This post was authored by Richard Zitrin for Public Justice
The horrific OxyContin story is not over. But it has been exposed: how at Purdue Pharma, everyone from top executives to the sales force repeatedly lied to physicians and the public about this drug. How for almost twenty years, Purdue uniformly claimed that Oxy was not addictive, and that when a patient’s pain continued, the “solution” was to dramatically increase dosages to twice, four times, even eight times the original dose. Finally, how the company and its owners, the Sackler family, turned to bankruptcy and were forced to negotiate penalties in the billions of dollars.
But the truth is little solace for the loved ones of the hundreds of thousands of victims who have died.
Most tragic of all — this devastation was preventable. Imagine if the truth about OxyContin had been disclosed in court records in 2001, when the first major Oxy lawsuit was filed by the state of West Virginia against Purdue. In that case, Purdue was forced to provide thousands of internal memos, notes of sales calls, marketing plans, and other records that showed the truth – but only after a fifteen-year delay. In 2016, a Los Angeles Times investigation exposed the truth under the all-CAPS headline: ‘YOU WANT A DESCRIPTION OF HELL?’ OXYCONTIN’S 12-HOUR PROBLEM.

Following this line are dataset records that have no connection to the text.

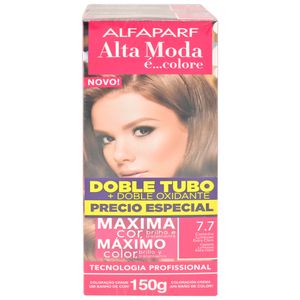 Alta Moda Tinte Castaño Lum Extra Claro #7.7 2 Unidades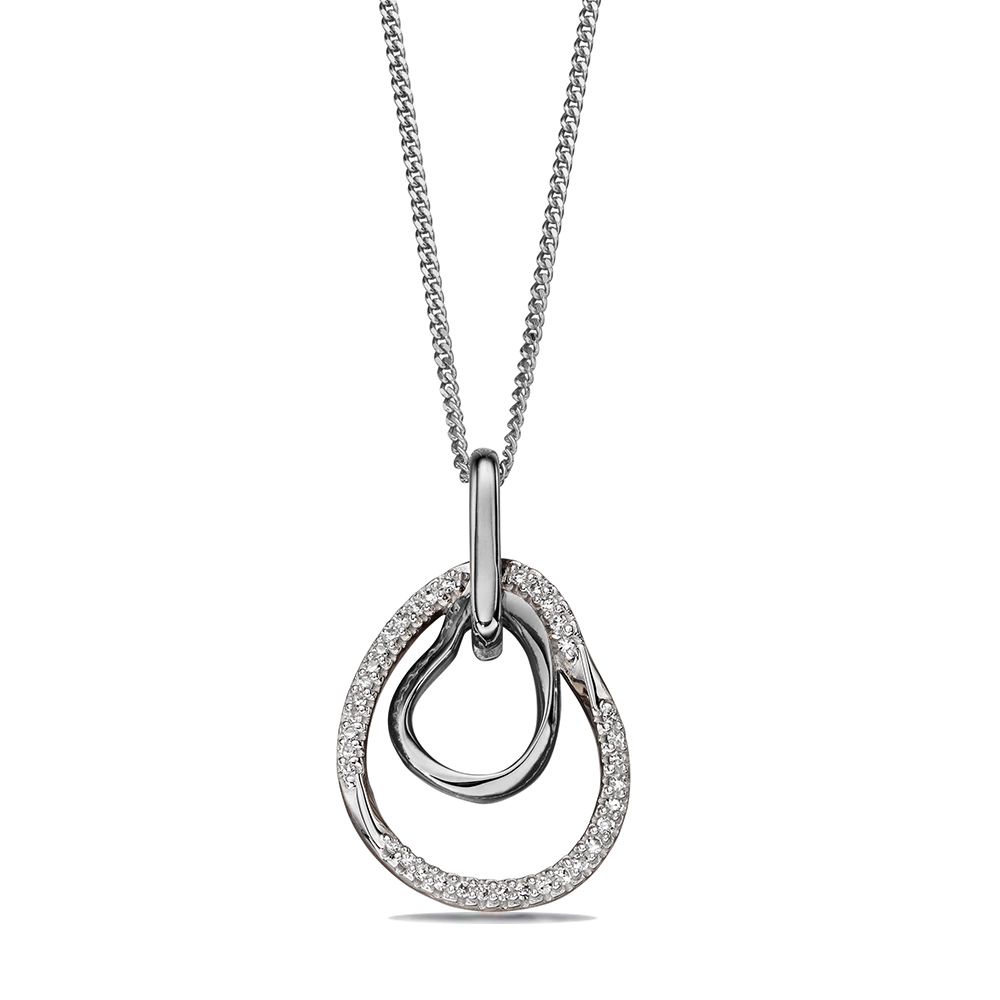 Open Organic Diamond Shape Pendant (20mm X 12mm)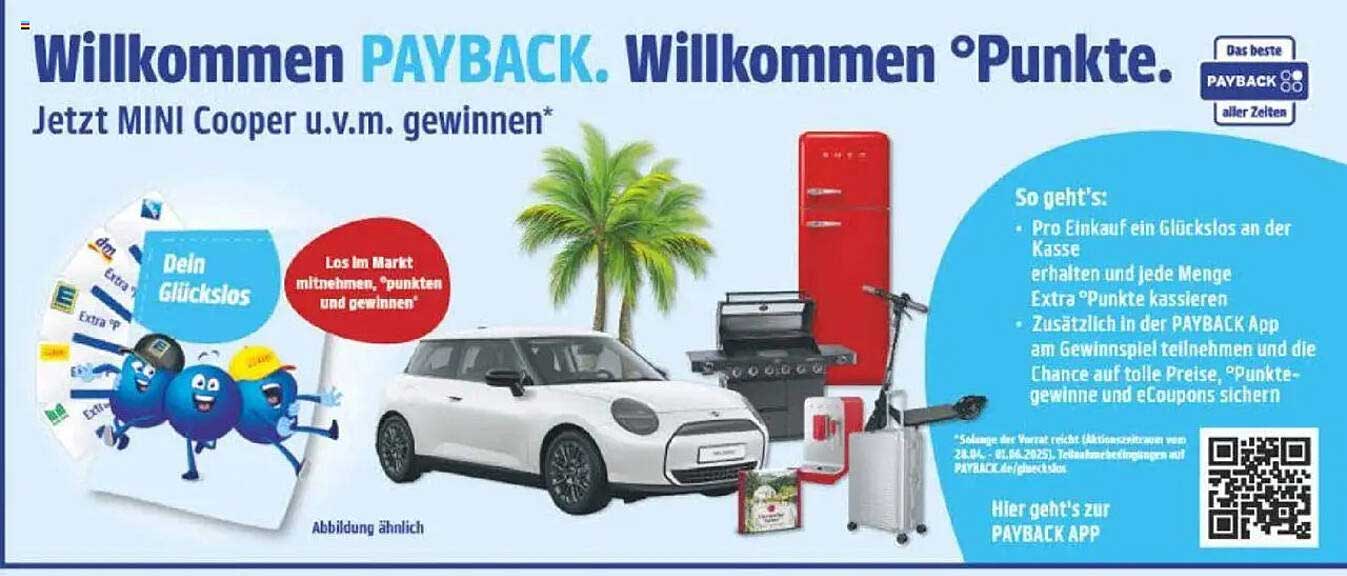 Willkommen PAYBACK. Jetzt MINI Cooper u.v.m. gewinnen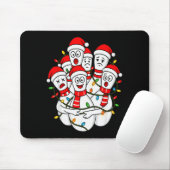 Grappige Kerst Bowling Kerstman Bowling Ns Team Ma Muismat (Met muis)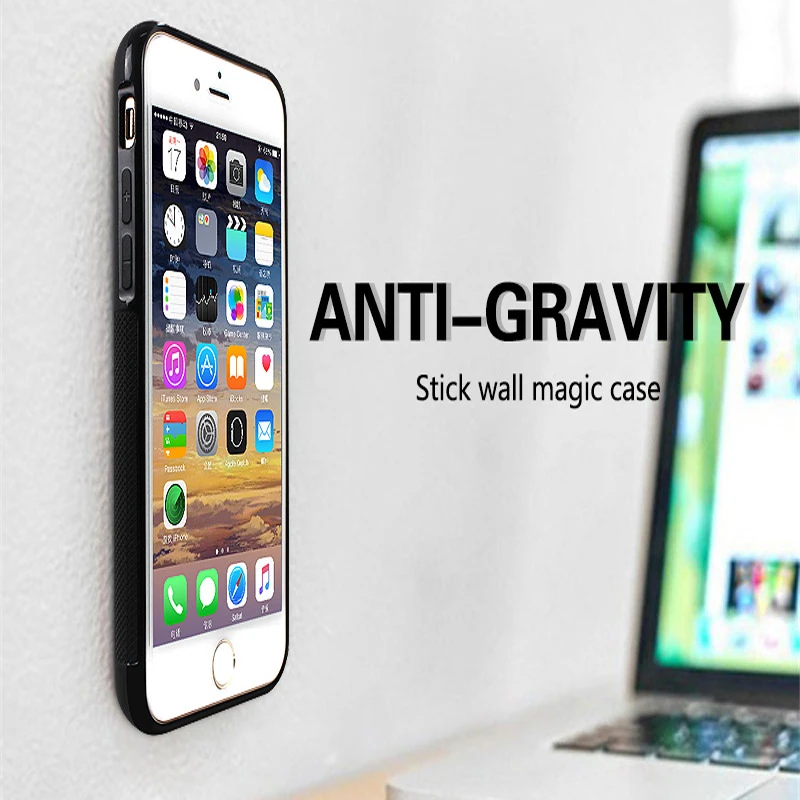 Oppselve Anti Gravity Phone Case For iPhone XS Max XR X 8 7 6 6S Plus S 12 Case Cover For Samsung Galaxy S8 S9 Plus S9 Note 8 9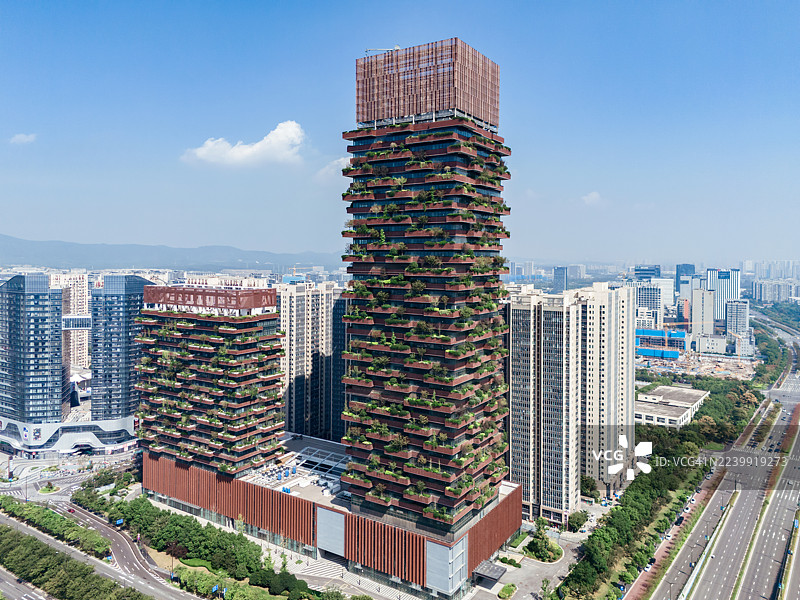 现代城市，绿色可持续理念图片素材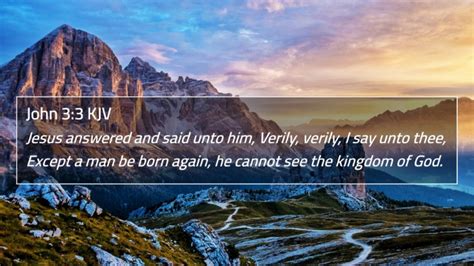 John 33 Kjv 4k Wallpaper Jesus Answered And Said Unto Him Verily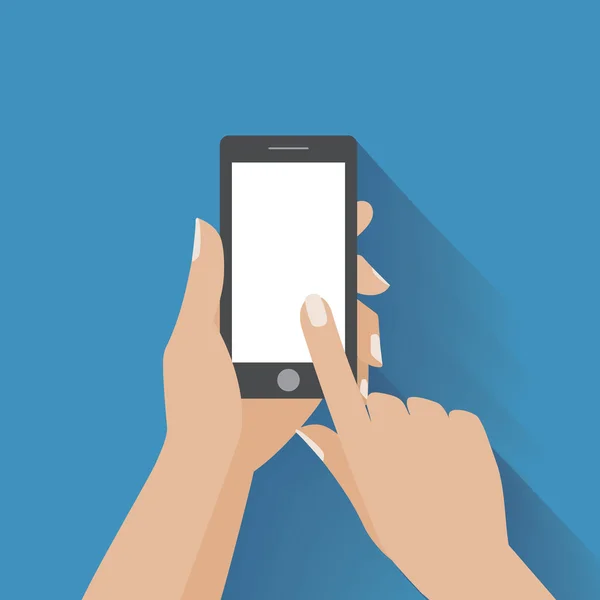 Boş ekranlı akıllı telefonu tut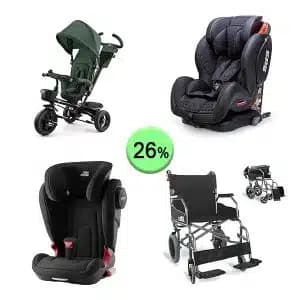 Pallet de 19 productos de Bebé y cuidado personal sin revisar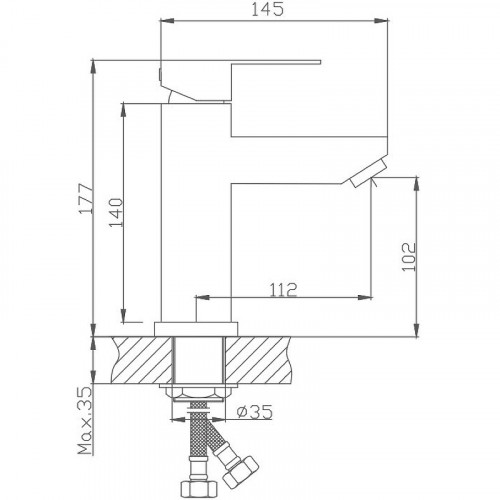 Смеситель для раковины Haiba HB10801 Нержавеющая сталь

Instead of disclosure, the judge in that case and other judges in later lawsuits all acceded to Purdue’s demands to keep the damning evidence secret from the rest of us.
Simply put, while the participants in the lawsuits knew the truth about Oxy, the public, the FDA, and the physicians prescribing for their patients all remained in the dark. How many lives could have been spared if what first Purdue produced in court had been available to all of us?
Instead, Purdue successfully kept its deadly secrets shielded from the public thanks to the complicity of the parties to lawsuits, their lawyers, and the judges who ordered secrecy. According to its extensive 2019 exposé, Reuters learned that at least a dozen judges had “secretized” the Purdue smoking guns; one, a federal judge in Cleveland, maintained a secrecy “protective order” over the information in 2,000 opioid cases before him.
Reuters estimated that those years of secrecy cost the lives of 245,000 people.
Purdue Pharma is hardly alone in using courthouse secrecy to “protect” the truth of its hazardous products from exposure. In 2002, Bayer began distributing Essure, a non-surgical form of birth control using metal coils. By 2008, Bayer knew that metal shards could break from Essure’s coils, causing women excruciating pain and, often, miscarriages and the inability to either conceive or have sexual relations. Bayer said nothing and continued to sell Essure. Over 27,000 lawsuits were filed over Essure, all consolidated in one court in Alameda County, California. But there, a judge issued an order to “protect” Bayer’s secrecy – while simultaneously not protecting the public.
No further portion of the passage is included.